Over 70% of 2m new customers first-time investors: Upstox

MUMBAI: Discount brokerage Upstox, backed by Ratan Tata and Tiger Global, says more than 70 per cent of its over 2 million new customers are first-time investors and under-36 — something even traditional brokerages also back given the massive over 20 million new investors coming in the market during the pandemic year.

According to the data from the National Securities Depository, and Central Depository Services, a record 14.2 million new demat accounts were opened in FY21, a near three-fold rise from the previous year’s 4.9 million.

The massive 68 per cent market rally after the meltdown in the first half of 2020 has seen a massive influx of investors into the equity markets during the year when the whole country was under lockdown for long.

While limited spending options left more money in the hands of people, a major spike in gold prices and a dip in property prices forced many to opt for equities to park their funds.

This was visible from the record foreign investments into the market — USD 35 billion in FY21 and foreigners own close to a quarter of the market today valued at over USD 593 billion.

“Our customer on-boarding surged over three-times in FY21, adding more than 2 million customers, taking our customer base to over 4 million. Of this, over 80 per cent are in the 18-36 age bracket, and over 70 per cent of the new customers are first-time investors,” Ravi Kumar, co-founder and chief executive of Upstox, told PTI.

On the regional profile of customers, he said of the total customers of over 4 million around 40 per cent of them are from Maharashtra, Telangana and Andhra, which are traditionally high investor base states, along with Gujarat.

Recently the BSE said of the 70 million users on its platform, close to 15 million are from Maharashtra alone, followed by Gujarat with 8.6 million; UP (5.2 million), Tamil Nadu (4.23 million) and Karnataka with 4.22 million investors.

As of June 7, there were more than 70 million investor accounts on the BSE alone, which was only 40 million in end March 2020. This means brokerages/exchanges on average added 1.2-1.5 million new investors every month in the year.

Kumar said more than 80 per cent of its customers are from tier 2 &3 cities– traditional brokerage Angel Broking also has similar percentage of customers coming in from small towns and so are the age profile too, as vast majority of them are being under 30.

“We’ve seen maximum first-time investors coming in from tier 2 cities like Jaipur, Aurangabad and Warangal. Among tier 3 cities, Karimnagar, Rangareddy and Ahmednagar are leading the race,” Kumar said.

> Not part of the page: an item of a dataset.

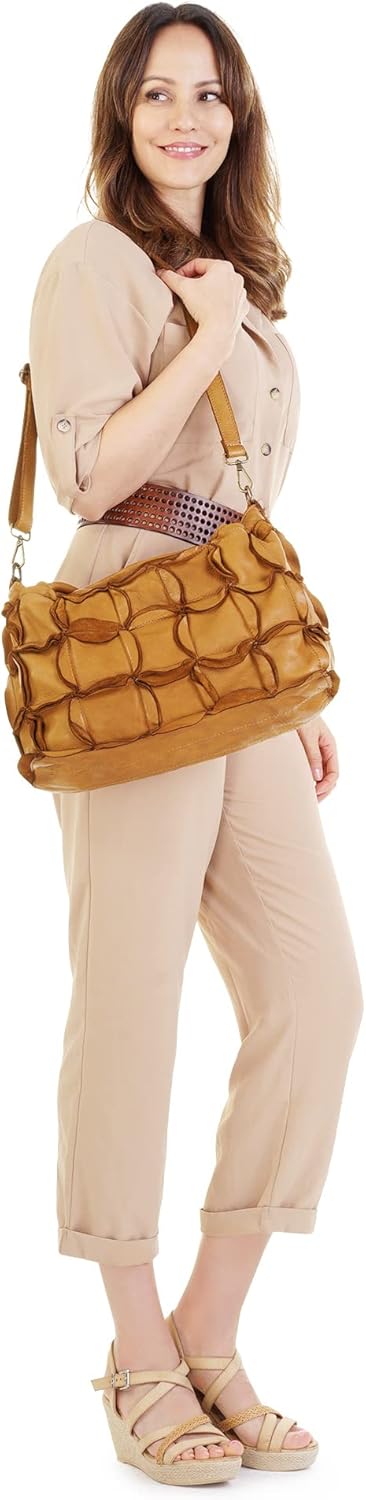 Samantha Look Shopper Echt Leder Damen | Made in Italy, Geräumige Vintage Schultertasche mit Reissve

“We want to be the partner of choice for the new generation of traders and investors. We also want to take the financial investment story further by reaching out to the remotest parts of the country, Kumar explained his philosophy. We want to foster a culture of investing, where one does not look at investing as a chore but finds it easy and engaging through a tech-enabled, intuitive platform,” he said.

On why investors are flocking to the equity markets through the digital mode, he said, the pandemic forced many to explore new sources of income.

The digital flourish that the country is known for has significantly boosted digital-based trading and investing and no wonder tech-savvy millenial who have a higher risk appetite than the previous generations, realised that getting started in the stock market is easy in this digital era, Kumar said.

He also said the proliferation of smartphones and low-cost data were other boosters propelling stock trading. From a regulatory side eKYC and Aadhaar eSign have also made demat account opening process paperless and easy, enabling equity participation to expand at a faster pace.

During FY21, the Sensex zoomed a massive 20,040.66 points or 68 per cent, while the Nifty skyrocketed 6,092.95 points or 70.86 per cent despite the pandemic blues. This was considerable as it came a negative return of 30 per cent in FY20.

FY21 rally was best after the FY09 rally when it skyrocketed 80 per cent after tanking 40 per cent following the global financial crisis that began in September 2007.

The massive rally in the market was driven by record foreign investments into the equities in the fiscal.

Prior to April’s outflow, FPIs had been infusing money in equities since October–pumping in over Rs 1.97 lakh crore between October 2020 and March 2021, of which Rs 55,741 crore were in the first three months of this year.